**Exercise:**
Your task is to quote the listing below exactly, beginning with its first line and ending on the line bearing "Miss-Berries online show".

**Exercise materials:**
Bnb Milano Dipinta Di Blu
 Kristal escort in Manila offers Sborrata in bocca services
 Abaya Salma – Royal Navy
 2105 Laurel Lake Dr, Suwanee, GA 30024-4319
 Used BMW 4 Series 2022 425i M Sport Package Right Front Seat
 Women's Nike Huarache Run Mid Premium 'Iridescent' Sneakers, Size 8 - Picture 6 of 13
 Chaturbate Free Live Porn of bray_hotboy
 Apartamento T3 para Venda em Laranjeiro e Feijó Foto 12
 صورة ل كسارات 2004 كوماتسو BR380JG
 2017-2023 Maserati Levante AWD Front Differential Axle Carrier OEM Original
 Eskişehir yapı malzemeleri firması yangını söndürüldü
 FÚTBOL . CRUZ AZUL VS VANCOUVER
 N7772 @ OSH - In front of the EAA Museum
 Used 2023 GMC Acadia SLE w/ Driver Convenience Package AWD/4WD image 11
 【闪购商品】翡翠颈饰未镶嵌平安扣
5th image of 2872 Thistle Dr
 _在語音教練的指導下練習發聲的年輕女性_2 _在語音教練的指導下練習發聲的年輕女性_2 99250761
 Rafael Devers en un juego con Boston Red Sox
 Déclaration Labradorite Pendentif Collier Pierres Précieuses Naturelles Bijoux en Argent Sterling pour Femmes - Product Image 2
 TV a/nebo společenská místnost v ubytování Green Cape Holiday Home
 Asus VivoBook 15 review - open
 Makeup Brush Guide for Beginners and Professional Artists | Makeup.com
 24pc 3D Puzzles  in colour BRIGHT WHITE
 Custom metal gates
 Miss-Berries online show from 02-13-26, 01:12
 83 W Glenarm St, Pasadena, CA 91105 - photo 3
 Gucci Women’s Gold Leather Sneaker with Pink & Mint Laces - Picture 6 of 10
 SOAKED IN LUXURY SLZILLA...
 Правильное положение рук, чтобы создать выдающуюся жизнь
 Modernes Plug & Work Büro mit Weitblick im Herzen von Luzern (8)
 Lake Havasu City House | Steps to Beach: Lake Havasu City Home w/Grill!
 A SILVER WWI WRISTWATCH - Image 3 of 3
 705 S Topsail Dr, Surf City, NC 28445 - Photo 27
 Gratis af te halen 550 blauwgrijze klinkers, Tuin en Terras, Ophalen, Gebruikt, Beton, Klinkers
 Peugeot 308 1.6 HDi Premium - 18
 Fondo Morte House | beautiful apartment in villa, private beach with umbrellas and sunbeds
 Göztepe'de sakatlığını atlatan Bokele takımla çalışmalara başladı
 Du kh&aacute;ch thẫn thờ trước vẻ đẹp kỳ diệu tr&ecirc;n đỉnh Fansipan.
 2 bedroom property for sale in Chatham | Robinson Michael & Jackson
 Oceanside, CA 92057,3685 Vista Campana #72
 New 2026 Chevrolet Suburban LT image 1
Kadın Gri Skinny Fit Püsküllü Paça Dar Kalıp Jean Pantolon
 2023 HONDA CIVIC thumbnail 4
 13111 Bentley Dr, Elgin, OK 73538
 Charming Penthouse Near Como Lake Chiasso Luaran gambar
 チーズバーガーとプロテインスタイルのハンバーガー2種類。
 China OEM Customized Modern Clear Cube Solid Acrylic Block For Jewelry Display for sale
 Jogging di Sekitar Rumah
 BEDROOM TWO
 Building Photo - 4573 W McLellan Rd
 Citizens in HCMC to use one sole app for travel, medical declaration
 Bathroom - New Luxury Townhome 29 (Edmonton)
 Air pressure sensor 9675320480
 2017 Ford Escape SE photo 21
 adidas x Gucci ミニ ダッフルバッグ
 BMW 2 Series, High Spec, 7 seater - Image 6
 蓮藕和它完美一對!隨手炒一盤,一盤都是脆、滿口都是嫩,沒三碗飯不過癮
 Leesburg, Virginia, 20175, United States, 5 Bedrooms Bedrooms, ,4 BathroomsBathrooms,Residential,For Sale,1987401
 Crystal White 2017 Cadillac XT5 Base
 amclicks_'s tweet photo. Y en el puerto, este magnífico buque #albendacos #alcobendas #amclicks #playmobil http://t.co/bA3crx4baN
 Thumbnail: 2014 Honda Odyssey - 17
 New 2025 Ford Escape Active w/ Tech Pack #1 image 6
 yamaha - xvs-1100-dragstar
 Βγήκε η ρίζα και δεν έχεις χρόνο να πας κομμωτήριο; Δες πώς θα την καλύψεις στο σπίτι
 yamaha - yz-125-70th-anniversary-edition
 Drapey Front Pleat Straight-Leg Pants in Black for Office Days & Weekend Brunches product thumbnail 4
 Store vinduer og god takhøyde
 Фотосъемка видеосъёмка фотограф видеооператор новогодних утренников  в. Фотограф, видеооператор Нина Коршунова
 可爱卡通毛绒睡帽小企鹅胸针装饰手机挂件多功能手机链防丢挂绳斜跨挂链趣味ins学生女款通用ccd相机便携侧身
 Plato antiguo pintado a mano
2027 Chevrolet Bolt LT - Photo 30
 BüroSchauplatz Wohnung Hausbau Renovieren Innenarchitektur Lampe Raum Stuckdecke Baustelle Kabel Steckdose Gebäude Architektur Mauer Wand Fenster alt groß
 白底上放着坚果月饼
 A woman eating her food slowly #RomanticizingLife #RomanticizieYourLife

**Answer to this exercise:**
Bnb Milano Dipinta Di Blu
 Kristal escort in Manila offers Sborrata in bocca services
 Abaya Salma – Royal Navy
 2105 Laurel Lake Dr, Suwanee, GA 30024-4319
 Used BMW 4 Series 2022 425i M Sport Package Right Front Seat
 Women's Nike Huarache Run Mid Premium 'Iridescent' Sneakers, Size 8 - Picture 6 of 13
 Chaturbate Free Live Porn of bray_hotboy
 Apartamento T3 para Venda em Laranjeiro e Feijó Foto 12
 صورة ل كسارات 2004 كوماتسو BR380JG
 2017-2023 Maserati Levante AWD Front Differential Axle Carrier OEM Original
 Eskişehir yapı malzemeleri firması yangını söndürüldü
 FÚTBOL . CRUZ AZUL VS VANCOUVER
 N7772 @ OSH - In front of the EAA Museum
 Used 2023 GMC Acadia SLE w/ Driver Convenience Package AWD/4WD image 11
 【闪购商品】翡翠颈饰未镶嵌平安扣
5th image of 2872 Thistle Dr
 _在語音教練的指導下練習發聲的年輕女性_2 _在語音教練的指導下練習發聲的年輕女性_2 99250761
 Rafael Devers en un juego con Boston Red Sox
 Déclaration Labradorite Pendentif Collier Pierres Précieuses Naturelles Bijoux en Argent Sterling pour Femmes - Product Image 2
 TV a/nebo společenská místnost v ubytování Green Cape Holiday Home
 Asus VivoBook 15 review - open
 Makeup Brush Guide for Beginners and Professional Artists | Makeup.com
 24pc 3D Puzzles  in colour BRIGHT WHITE
 Custom metal gates
 Miss-Berries online show from 02-13-26, 01:12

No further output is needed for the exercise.